Though some broad models remain robust in the face of data, consider the hypothesis of a recent expansion of our species out of Africa, in the details there are many complications of simple narratives. Spencer Wells had a good story to tell in The Journey of Man. Looking at Y chromosomal lineages he concluded that when humans left Africa, some took a “Southern Route” through India to the east, while others took a “Northern Route” via Central Asia, where the ancestors of Chinese and Europeans parted ways. Just look at the map if you don’t believe me. Of course some of the data from the new genetics don’t totally floor us. Genetics does not support the Soultrean hypothesis. But big coarse models are often in for some trouble. The idea that Central Asians gave rise to Europeans and East Asians may be one of those hypotheses which was too elegant for reality.* The problem is that Central Asia is chock-full of hybrid populations, which look to be the outcomes of well known historical and social processes in the light of history. It is as if Africans turned out to be part-Australian and part-European in their genetics when they’re supposed to be the antecessor population! (another model could be that those Central Asians who gave rise to Europeans and East Asians are extinct, but then how could one make inferences based on their genes when surveying contemporary populations?)
But the framework established in the early 2000s by Wells and the HPGL is still alive & kicking. For example, Inferring human colonization history using a copying model:

Genome-wide scans of genetic variation can potentially provide detailed information on how modern humans colonized the world but require new methods of analysis. We introduce a statistical approach that uses Single Nucleotide Polymorphism (SNP) data to identify sharing of chromosomal segments between populations and uses the pattern of sharing to reconstruct a detailed colonization scenario. We apply our model to the SNP data for the 53 populations of the Human Genome Diversity Project described in Conrad et al. (Nature Genetics 38,1251-60, 2006). Our results are consistent with the consensus view of a single “Out-of-Africa” bottleneck and serial dilution of diversity during global colonization, including a prominent East Asian bottleneck. They also suggest novel details including: (1) the most northerly East Asian population in the sample (Yakut) has received a significant genetic contribution from the ancestors of the most northerly European one (Orcadian). (2) Native North [corrected] Americans have received ancestry from a source closely related to modern North-East Asians (Mongolians and Oroquen) that is distinct from the sources for native South [corrected] Americans, implying multiple waves of migration into the Americas. A detailed depiction of the peopling of the world is available in animated form.

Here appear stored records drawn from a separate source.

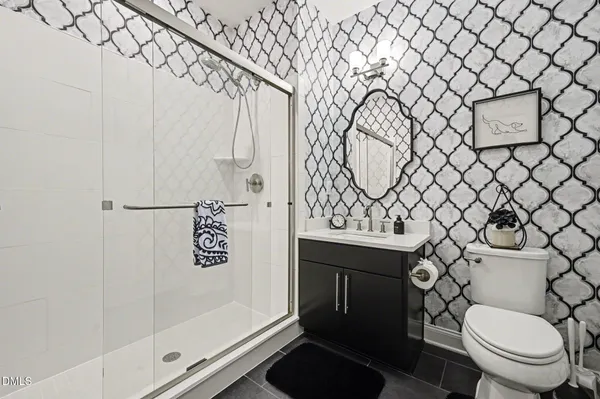 a bathroom with a toilet and a shower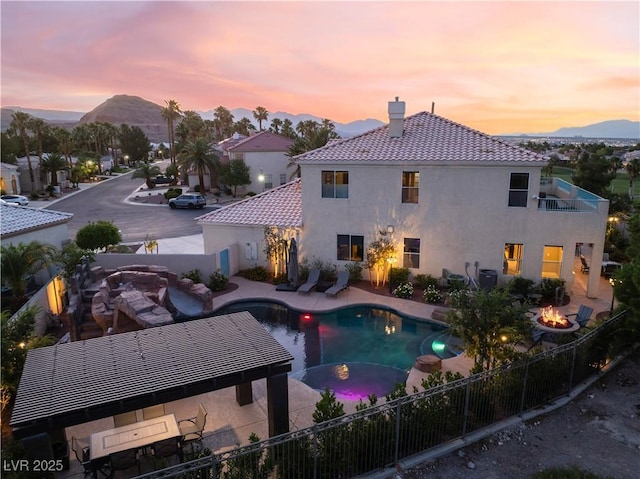 352 Angels Trace Ct, Las Vegas, NV 89148 - view of swimming pool featuring an outdoor fire pit, a patio, and a mountain view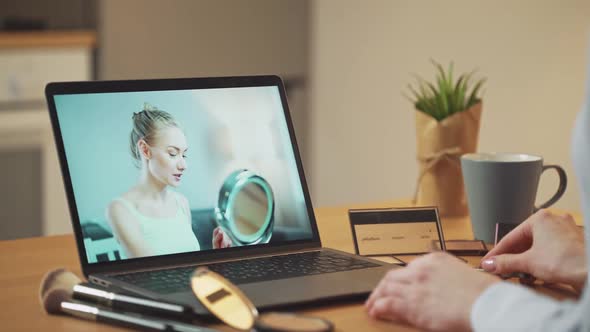 Young Woman Learn How to Apply Makeup While Watching a Female Beauty Blogger's Lesson on a Laptop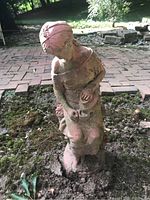 Outdoor sculpture of a sitting woman shown close-up from the front, displaying detailed features and weathering on the surface.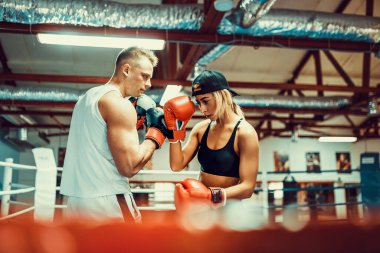 Boks ve nefsi müdafaada antrenörle egzersiz yapan genç bir kadın.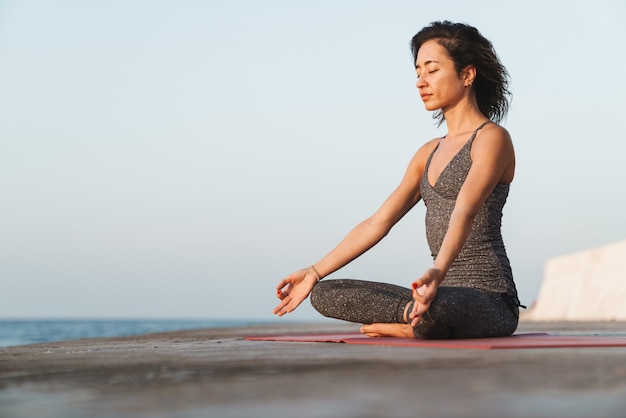 Entspannte Sportlerin im Trainingsanzug, die in Lotuspose auf dem Pier sitzt und morgens am Meer Yoga praktiziert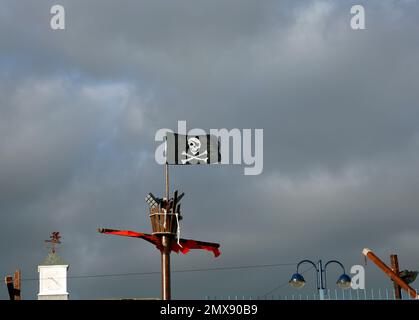 Jolly Roger, Piratenflagge und Krähennest auf einem Mast vor einem bewölkten Himmel. Barry Island. Januar 2023. Im Winter. Stockfoto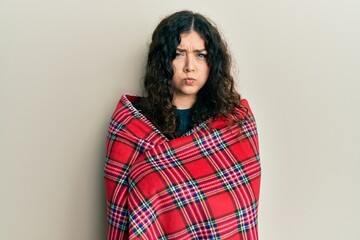 Young brunette woman with curly hair wrapped in a red warm red blanket skeptic and nervous,...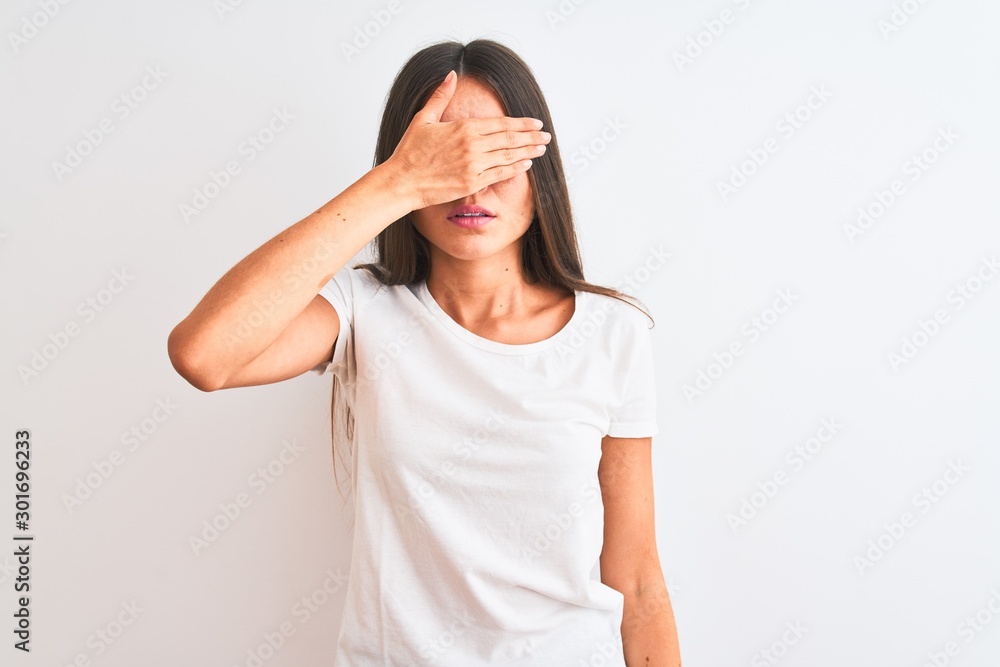 Young beautiful woman wearing casual t-shirt standing over isolated white background covering eyes with hand, looking serious and sad. Sightless, hiding and rejection concept Young beautiful woman wearing casual t-shirt standing over isolated white background covering eyes with hand, looking serious and sad. Sightless, hiding and rejection concept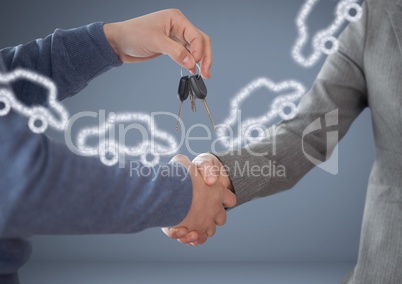 Hands Holding key with cars in front of vignette with handshake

Overall genomics seems to support the idea of serial bottlenecks or sampling events which reduced genetic diversity as populations drifted further and further away from Africa. As first approximations they work, and as big-picture generalizations they have utility, but sometimes these papers get a bit too granular for their own good. For example:

The first 8 East Asian populations (Cambodia, Mongolia, Oroqen, Xibo, Yi, Tu, Daur, Naxi) have 50-84 donors, including all 32 individuals from two central Asian populations, the Uygur and the Hazara (except the Tu who use 24/32). This represents an entirely distinct source of ancestry from European populations, who each receive less than 10% of their ancestry via the Uygur and almost none via the Hazara

This is unlikely to be describing what really happened, even if the data and model fit together appropriately. It can’t because these two populations were newly created through the fusion of East and West Asian populations. I’ve mentioned the Uyghurs many times. The Hazara are Shia Muslims who speak Dari and live in the highlands of Afghanistan. Their physiognomy is classically Eurasian (e.g., this Hazara girl). Their own oral history traces their origins back to the arrival of Mongol armies in the 13th century. And they happen to have a high frequency of the Genghis Khan haplotype. Finally, they aren’t attested as a people before 1500, mighty strange.
There is another paper out which probes the questions of the Uyghurs genetically to try and resolve the nature of their admixture. That is, is there equidistant genetic position between Europeans and Chinese due to the fact that these two populations are subsets of Uyghurs, or are the Uyghurs a compound of East and West Eurasian populations? Haplotype-Sharing Analysis Showing Uyghurs Are Unlikely Genetic Donors:

The Uyghur (UIG) are a group of people primarily residing in Xinjiang of China, which is geographically located in Central Asia, from where modern humans were presumably spread in all directions reaching Europe, east, and northeast Asia about 40 kya. A recent study suggested that the UIG are ancestry donors of the East Asian (EAS) gene pool. However, an alternative hypothesis, that is, the UIG is an admixture population with both EAS and EUR ancestries is also supported by our previous studies. To test the two competing hypotheses, here we conducted a haplotype-sharing analysis (HSA) based on empirical and simulated data of high-density single nucleotide polymorphisms. Our results showed that more than 95% of UIG haplotypes could be found in either EAS or EUR populations, which contradicts the expectation of the null models assuming that UIG are donors. Simulation studies further indicated that the proportion of UIG private haplotypes observed in empirical data is only expected in alternative models assuming that UIG is an admixture population. Interestingly, the estimated ancestry contribution of 44%:56% (EAS:EUR) based on HSA is consistent with our previous estimation with STRUCTURE analysis. Although the history of UIGs could be complex, our method is explicit and conservative in rejecting the null hypothesis. We concluded that the gene pool of modern UIGs is more likely a sole recipient with contribution from both EAS and EUR.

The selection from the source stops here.